Girl, 2, walks through wet concrete in family's basement in home-renovation fail

The toddler was looking for her parents when she walked through the renovation.

ByABC News
July 31, 2017, 12:31 PM

— -- A Tennessee toddler caused a delay in her family’s home-renovation project when she walked through freshly-poured concrete in the basement.

Izzadora Millaway, 2, was looking for her parents at her family’s Cleveland, Tennessee, home on Friday when she walked down to the basement.

The floor of the basement, which had been a playroom for Izzadora and her two siblings, had just been covered in concrete about 30 minutes earlier by contractor Jonathan Porter and his fellow workers.

PHOTO: Izzadora Millaway, 2, of Cleveland, left her footprints in concrete that had just been poured in the home's basement during a renovation project.
Izzadora Millaway, 2, of Cleveland, left her footprints in concrete that had just been poured in the home's basement during a renovation project.

“We were putting our tools back in the truck and I thought, ‘Well, I’ll just go over here and look inside the basement and see how it’s firming up,’” Porter, the owner of Porter Concrete Construction Co., told ABC News. “And I saw the little girl standing there.”

He continued, “She wasn’t moving at all and I turned around and said, 'Oh my God.’”

Izzadora’s parents, Brad and Sara Millaway, were standing just outside the basement with Porter when he called out to tell them Izzadora was in the concrete.

“I was kind of shocked and I figured Jonathan was going to have a conniption fit,” Sara Millaway told ABC News. “He actually thought it was rather comical.”

Millaway said Izzadora and her siblings were upstairs with their grandmother but Izzadora snuck away when she heard her parents’ voices coming from downstairs.

She froze in place when she saw Porter, and then eventually walked towards him and out of the concrete. Porter said they thoroughly washed off Izzadora’s legs and she suffered no injuries.

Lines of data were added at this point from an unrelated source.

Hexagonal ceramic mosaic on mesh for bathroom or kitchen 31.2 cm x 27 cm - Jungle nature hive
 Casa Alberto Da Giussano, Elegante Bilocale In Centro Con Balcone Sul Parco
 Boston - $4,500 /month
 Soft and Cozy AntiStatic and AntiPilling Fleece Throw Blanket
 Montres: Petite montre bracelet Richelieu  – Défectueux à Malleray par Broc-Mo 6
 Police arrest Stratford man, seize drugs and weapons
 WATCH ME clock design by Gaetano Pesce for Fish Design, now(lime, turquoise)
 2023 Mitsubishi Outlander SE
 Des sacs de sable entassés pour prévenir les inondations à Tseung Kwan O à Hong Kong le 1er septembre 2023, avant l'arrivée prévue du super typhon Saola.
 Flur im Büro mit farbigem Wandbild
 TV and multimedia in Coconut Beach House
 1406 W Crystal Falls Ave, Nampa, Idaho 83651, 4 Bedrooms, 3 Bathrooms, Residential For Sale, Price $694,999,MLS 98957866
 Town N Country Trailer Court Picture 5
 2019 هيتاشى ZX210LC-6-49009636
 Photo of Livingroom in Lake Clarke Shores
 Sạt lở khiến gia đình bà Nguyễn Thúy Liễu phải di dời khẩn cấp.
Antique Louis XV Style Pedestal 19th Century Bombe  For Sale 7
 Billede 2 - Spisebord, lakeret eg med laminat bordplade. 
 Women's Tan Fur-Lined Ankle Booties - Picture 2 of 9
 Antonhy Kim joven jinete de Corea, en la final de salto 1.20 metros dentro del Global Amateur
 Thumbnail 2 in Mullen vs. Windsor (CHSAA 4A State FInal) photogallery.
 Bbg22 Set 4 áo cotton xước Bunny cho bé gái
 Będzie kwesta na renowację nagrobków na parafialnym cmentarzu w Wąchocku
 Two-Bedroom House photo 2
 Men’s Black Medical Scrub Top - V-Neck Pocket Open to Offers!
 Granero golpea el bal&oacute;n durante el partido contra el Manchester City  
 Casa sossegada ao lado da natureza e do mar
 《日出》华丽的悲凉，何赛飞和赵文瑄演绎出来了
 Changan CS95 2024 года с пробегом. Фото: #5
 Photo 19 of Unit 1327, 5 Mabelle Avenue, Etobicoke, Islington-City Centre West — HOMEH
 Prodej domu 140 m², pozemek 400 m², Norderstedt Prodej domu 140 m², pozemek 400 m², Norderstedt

“I picked her up and we laughed about it,” he said. “Normally we see dogs and cats in this, but not little kids.”

“That was a first,” said Porter, who has been in the concrete business for 30 years.

Millaway said Izzadora did not seem fazed by the accident.

“She was just kind of like, ‘I found you,’” Millaway said.

Porter and his crew waited for the concrete to firm and then filled in the holes left by Izzadora’s footsteps.

The Millaways saved the memory forever by preserving the footprints of Izzadora and her older brother, Colten, in a corner of the basement.

PHOTO: The footprints of Izzadora Millaway and her brother, Colten, are preserved in the basement of the family's Tennessee home.
The footprints of Izzadora Millaway and her brother, Colten, are preserved in the basement of the family's Tennessee home.